== PROBLEM REQUIREMENTS ==
The entries below should be quoted exactly, with no pictures carried over.

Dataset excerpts
* * * * * * *

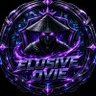 ElusiveOvie's profile picture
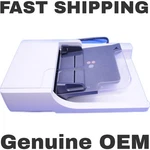 For Hp Adf Document Feeder Whole Unit Flow CF116-67922. Fixed Price $1119.58.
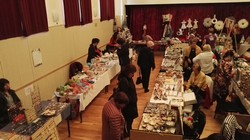 IMG_20171125_092745.jpg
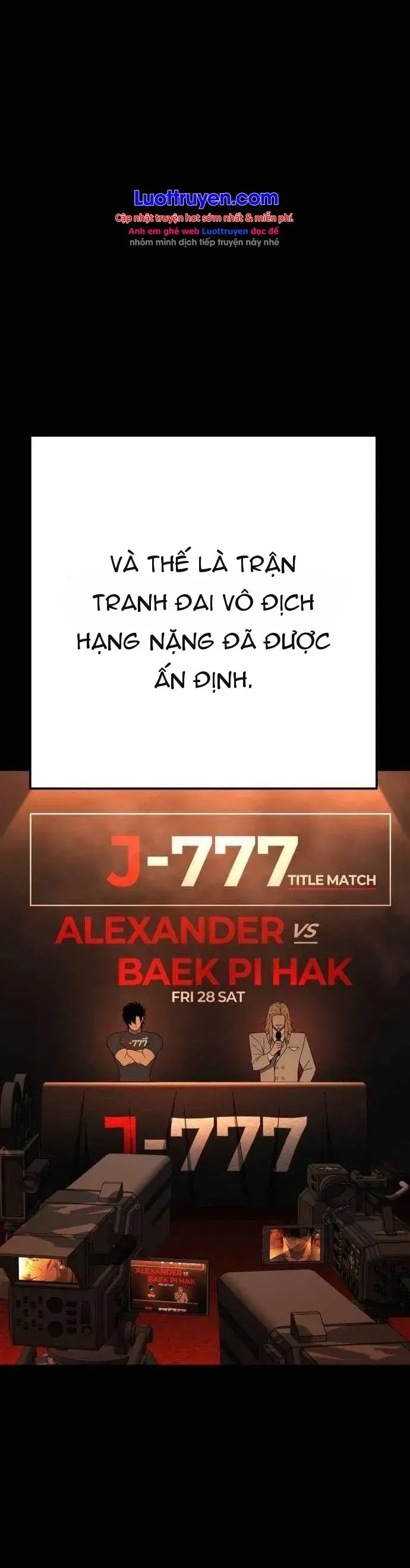 Trang 59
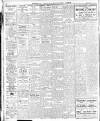 Biggleswade Chronicle Friday 20 January 1922 Page 2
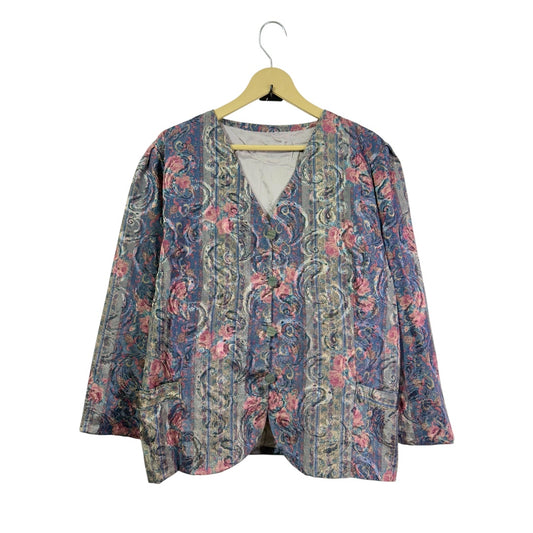 Vintage Jacket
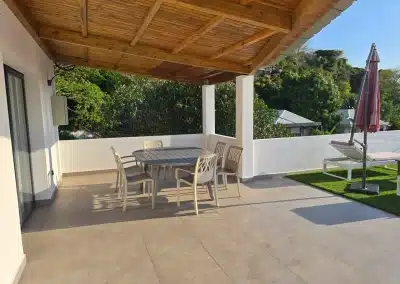 Villa-sophie-Glamour-Beach-Madagascar-appartement-terrasse-web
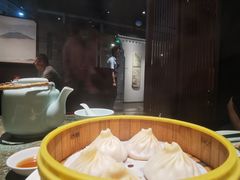 -中粮·祥云小镇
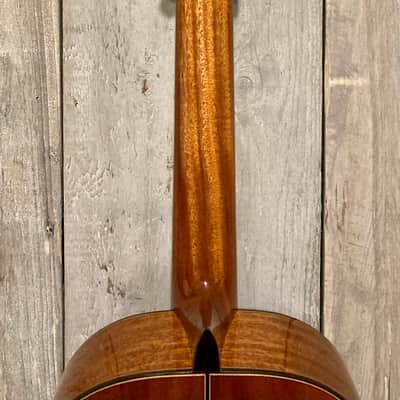 New Cordoba C9 Cedar Classical Natural, Stunning Guitar, Support Small Business & Buy it Here ! image 12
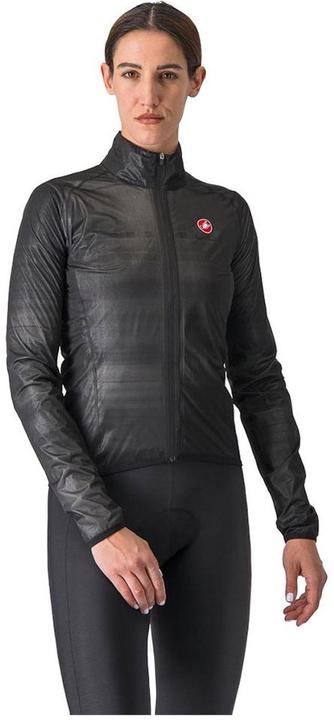 Produktbild Castelli Squall Shell W Jacket (L)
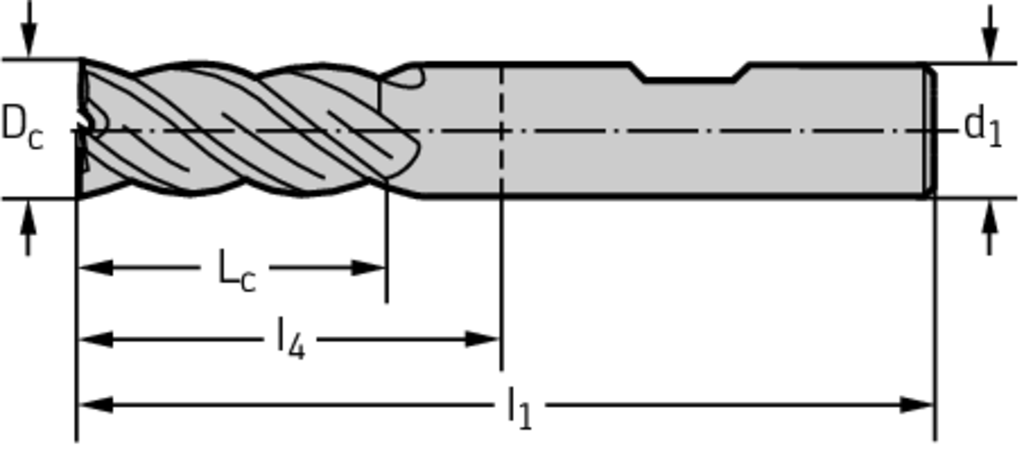 MC122-20.0W5B-WJ30TF - VHM-Eckfräser - /images/P_MR_MC122-W-B_D_01.png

* * * * * * *

== TASK RESULT ==
 ElusiveOvie's profile picture
 For Hp Adf Document Feeder Whole Unit Flow CF116-67922. Fixed Price $1119.58.
 IMG_20171125_092745.jpg
 Trang 59
 Biggleswade Chronicle Friday 20 January 1922 Page 2
 Vintage Jacket
 Villa-sophie-Glamour-Beach-Madagascar-appartement-terrasse-web
 -中粮·祥云小镇
 New Cordoba C9 Cedar Classical Natural, Stunning Guitar, Support Small Business & Buy it Here ! image 12
 Produktbild Castelli Squall Shell W Jacket (L)
 MC122-20.0W5B-WJ30TF - VHM-Eckfräser - /images/P_MR_MC122-W-B_D_01.png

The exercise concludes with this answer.